How To Read Ranges On An Italian Menu

Numbers vary with portion, recipe, and toppings, so treat ranges as a decision aid rather than a fixed label. If a restaurant posts a PDF menu with ingredients, you can often infer the richer items: cream, butter, béchamel, fried cutlets, and generous cheese. Tomato, olive oil, citrus, grilled proteins, and vegetables usually land lighter.

Order Playbook You Can Use Tonight

Before You Go

  • Skim the menu online and pick a first choice plus a lighter backup.
  • Plan to share or box half if the dish is known to be hearty.
  • Drink water beforehand; thirst often reads like hunger.

At The Table

  • Open with a salad dressed at the table or a vegetable starter.
  • Pick one indulgence: a creamy sauce, cheesy bake, or dessert—rarely all three.
  • Ask for lemon, herbs, and pepper to brighten flavor without piling on salt.

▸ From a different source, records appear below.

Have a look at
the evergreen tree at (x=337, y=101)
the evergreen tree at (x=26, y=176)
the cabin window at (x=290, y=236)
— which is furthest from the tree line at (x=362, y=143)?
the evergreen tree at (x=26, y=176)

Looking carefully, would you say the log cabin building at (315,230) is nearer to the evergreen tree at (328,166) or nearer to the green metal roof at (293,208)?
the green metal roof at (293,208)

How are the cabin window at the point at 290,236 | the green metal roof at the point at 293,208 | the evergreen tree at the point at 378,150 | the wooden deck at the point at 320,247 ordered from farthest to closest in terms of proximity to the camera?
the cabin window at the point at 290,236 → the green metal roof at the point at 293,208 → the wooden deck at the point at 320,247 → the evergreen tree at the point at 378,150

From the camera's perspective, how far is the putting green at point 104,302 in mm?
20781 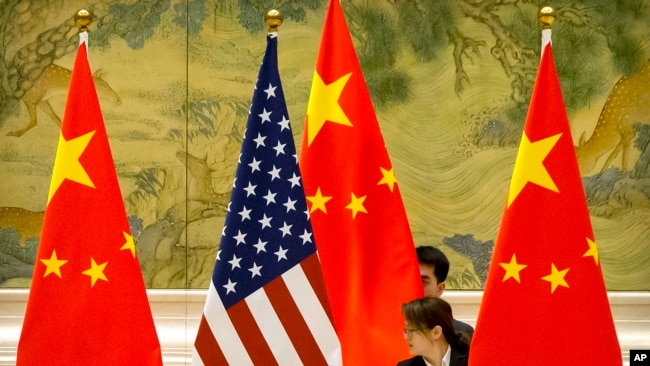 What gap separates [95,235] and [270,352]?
0.96m

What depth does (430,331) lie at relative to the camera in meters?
4.86

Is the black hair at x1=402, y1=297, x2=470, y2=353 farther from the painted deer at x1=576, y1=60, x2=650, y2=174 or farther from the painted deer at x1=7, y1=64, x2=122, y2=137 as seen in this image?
the painted deer at x1=7, y1=64, x2=122, y2=137

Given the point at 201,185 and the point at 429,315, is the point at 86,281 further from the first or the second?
the point at 201,185

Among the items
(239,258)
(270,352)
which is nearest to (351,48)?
(239,258)

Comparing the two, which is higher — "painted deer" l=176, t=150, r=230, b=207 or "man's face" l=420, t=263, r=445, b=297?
"painted deer" l=176, t=150, r=230, b=207

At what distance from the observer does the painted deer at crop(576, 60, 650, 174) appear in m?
6.68

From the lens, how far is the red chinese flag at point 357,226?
17.1 ft

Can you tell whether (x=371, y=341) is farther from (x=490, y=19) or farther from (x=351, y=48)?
(x=490, y=19)

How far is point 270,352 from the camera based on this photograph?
4.68 m

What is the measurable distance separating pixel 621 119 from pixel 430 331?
2.51 meters

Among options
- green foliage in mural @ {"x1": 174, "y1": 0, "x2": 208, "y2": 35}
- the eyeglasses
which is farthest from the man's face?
green foliage in mural @ {"x1": 174, "y1": 0, "x2": 208, "y2": 35}

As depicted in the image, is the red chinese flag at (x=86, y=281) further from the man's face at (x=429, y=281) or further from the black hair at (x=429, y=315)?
the man's face at (x=429, y=281)

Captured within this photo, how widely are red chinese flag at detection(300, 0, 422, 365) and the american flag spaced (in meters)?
0.41

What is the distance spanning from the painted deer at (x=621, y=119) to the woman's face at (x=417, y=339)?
2.32 meters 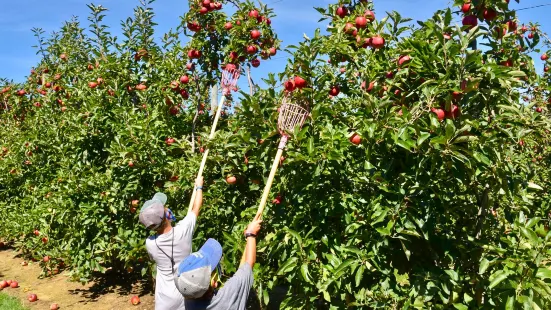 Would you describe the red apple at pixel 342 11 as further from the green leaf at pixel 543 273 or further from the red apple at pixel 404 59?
the green leaf at pixel 543 273

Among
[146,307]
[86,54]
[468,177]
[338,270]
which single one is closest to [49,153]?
[86,54]

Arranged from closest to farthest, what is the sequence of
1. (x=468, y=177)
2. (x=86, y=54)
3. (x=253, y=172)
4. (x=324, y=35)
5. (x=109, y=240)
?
(x=468, y=177)
(x=324, y=35)
(x=253, y=172)
(x=109, y=240)
(x=86, y=54)

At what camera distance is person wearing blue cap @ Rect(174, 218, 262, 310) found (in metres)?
1.99

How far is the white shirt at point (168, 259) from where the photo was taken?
2.92 m

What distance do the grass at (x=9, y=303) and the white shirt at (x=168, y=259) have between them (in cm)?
331

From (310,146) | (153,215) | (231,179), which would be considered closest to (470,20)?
(310,146)

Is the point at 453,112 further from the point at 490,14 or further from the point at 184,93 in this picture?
the point at 184,93

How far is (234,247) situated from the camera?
331cm

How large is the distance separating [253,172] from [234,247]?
75 cm

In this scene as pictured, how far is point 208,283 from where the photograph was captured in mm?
2004

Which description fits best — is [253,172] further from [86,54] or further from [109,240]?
[86,54]

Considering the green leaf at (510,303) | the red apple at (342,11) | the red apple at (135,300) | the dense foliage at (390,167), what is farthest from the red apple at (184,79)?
the green leaf at (510,303)

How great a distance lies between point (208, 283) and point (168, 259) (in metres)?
1.04

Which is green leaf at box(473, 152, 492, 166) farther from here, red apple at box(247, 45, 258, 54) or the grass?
the grass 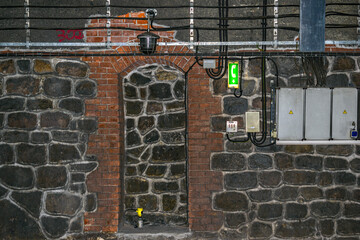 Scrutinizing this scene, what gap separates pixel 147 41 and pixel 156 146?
1.77 m

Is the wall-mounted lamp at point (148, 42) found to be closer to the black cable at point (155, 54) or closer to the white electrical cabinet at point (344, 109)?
the black cable at point (155, 54)

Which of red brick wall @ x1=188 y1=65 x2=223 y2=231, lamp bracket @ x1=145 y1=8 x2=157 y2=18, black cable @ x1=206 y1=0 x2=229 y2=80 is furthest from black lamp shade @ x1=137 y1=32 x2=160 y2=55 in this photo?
black cable @ x1=206 y1=0 x2=229 y2=80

A Note On Data And Sources

This page reflects common Amerigo-style selections using authoritative references for standard dishes and branded items that mirror restaurant recipes. For sodium context, the FDA sets a daily limit of less than 2,300 mg for adults, and its label education materials explain how %DV flags low (≤5%) and high (≥20%) servings; that helps you gauge whether an entrée fits your day (FDA sodium guidance). For nutrient lookups across pasta, sauces, and entrées, USDA FoodData Central provides robust entries that map closely to what you’ll see on an Italian menu.

Quick Reference: What To Order When

Craving Comfort

Pick a baked classic or a cream-kissed bowl, share bread, and split dessert. Balance the rest of your day around lean proteins and produce.

Chasing Protein

Choose grilled chicken, shrimp, or salmon over a smaller pasta bed. Ask for olive oil and lemon in place of heavy sauce.

Watching Sodium

Go tomato-forward with herbs, skip cured meats, request light cheese, and taste before adding salt. A squeeze of lemon lifts flavor without raising the milligram count.